:: Assignment ::
Your task is to write out exactly the lines of the listing below, from the first down to the line that holds "allegra 3 seater chesterfield sofa".

----

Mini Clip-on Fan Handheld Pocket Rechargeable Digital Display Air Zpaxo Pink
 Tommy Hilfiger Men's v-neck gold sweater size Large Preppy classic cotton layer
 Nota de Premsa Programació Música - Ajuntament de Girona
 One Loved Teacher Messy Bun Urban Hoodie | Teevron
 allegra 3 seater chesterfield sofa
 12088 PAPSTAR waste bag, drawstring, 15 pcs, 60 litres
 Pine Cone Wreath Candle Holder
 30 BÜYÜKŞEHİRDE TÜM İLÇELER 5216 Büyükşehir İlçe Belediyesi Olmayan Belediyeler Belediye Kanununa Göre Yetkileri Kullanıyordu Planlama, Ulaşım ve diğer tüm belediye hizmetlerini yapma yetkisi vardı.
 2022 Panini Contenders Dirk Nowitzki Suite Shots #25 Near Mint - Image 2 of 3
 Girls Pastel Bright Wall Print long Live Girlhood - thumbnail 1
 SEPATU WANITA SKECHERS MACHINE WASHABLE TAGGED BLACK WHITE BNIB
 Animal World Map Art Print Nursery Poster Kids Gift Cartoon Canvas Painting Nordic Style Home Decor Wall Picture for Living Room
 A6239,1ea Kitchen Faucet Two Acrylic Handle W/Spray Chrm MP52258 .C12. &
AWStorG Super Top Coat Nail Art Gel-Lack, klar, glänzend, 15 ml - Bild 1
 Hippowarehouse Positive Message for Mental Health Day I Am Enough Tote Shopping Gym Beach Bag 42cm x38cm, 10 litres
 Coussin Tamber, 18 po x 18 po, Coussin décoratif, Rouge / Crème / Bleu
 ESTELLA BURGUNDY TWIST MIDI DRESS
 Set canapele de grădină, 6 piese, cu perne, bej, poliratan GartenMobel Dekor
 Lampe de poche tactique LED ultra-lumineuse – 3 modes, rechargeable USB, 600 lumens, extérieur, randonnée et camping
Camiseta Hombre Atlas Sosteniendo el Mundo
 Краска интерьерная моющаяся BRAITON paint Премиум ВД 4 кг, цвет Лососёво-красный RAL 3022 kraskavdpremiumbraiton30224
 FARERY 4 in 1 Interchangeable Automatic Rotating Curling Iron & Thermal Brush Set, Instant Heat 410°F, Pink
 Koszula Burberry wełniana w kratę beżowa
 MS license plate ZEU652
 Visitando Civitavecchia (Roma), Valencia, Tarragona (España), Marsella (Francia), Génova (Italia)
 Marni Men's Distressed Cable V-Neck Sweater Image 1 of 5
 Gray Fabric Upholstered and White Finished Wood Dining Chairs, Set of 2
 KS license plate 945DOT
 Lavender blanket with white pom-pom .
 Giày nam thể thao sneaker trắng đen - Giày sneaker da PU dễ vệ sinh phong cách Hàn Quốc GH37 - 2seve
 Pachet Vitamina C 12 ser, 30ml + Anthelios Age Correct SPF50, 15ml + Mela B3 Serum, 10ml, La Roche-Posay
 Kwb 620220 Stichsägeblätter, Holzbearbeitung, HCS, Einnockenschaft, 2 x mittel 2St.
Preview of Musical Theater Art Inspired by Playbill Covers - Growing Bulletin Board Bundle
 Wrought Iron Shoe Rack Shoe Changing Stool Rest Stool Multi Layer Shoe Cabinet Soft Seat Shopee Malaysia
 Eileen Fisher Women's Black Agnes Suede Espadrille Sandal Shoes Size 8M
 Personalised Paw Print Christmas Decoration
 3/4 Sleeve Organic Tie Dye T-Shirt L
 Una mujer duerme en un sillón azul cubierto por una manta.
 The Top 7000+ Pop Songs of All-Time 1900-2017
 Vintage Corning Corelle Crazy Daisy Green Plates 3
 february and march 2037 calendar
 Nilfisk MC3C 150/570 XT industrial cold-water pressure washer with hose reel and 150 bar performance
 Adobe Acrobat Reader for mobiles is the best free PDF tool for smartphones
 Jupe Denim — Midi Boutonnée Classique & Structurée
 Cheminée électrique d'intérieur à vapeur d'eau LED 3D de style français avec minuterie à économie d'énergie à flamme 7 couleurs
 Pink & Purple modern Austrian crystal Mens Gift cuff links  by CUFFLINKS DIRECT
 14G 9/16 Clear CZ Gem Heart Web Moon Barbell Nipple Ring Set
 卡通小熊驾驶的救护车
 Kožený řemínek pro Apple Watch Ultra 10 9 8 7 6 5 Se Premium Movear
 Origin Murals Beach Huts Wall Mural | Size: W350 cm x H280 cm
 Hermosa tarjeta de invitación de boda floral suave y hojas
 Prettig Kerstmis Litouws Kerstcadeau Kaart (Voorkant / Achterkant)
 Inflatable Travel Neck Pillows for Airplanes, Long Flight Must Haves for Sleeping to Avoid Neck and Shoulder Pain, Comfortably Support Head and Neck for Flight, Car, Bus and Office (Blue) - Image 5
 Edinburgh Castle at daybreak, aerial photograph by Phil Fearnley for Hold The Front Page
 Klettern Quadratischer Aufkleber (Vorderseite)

----

:: Written solution ::
Mini Clip-on Fan Handheld Pocket Rechargeable Digital Display Air Zpaxo Pink
 Tommy Hilfiger Men's v-neck gold sweater size Large Preppy classic cotton layer
 Nota de Premsa Programació Música - Ajuntament de Girona
 One Loved Teacher Messy Bun Urban Hoodie | Teevron
 allegra 3 seater chesterfield sofa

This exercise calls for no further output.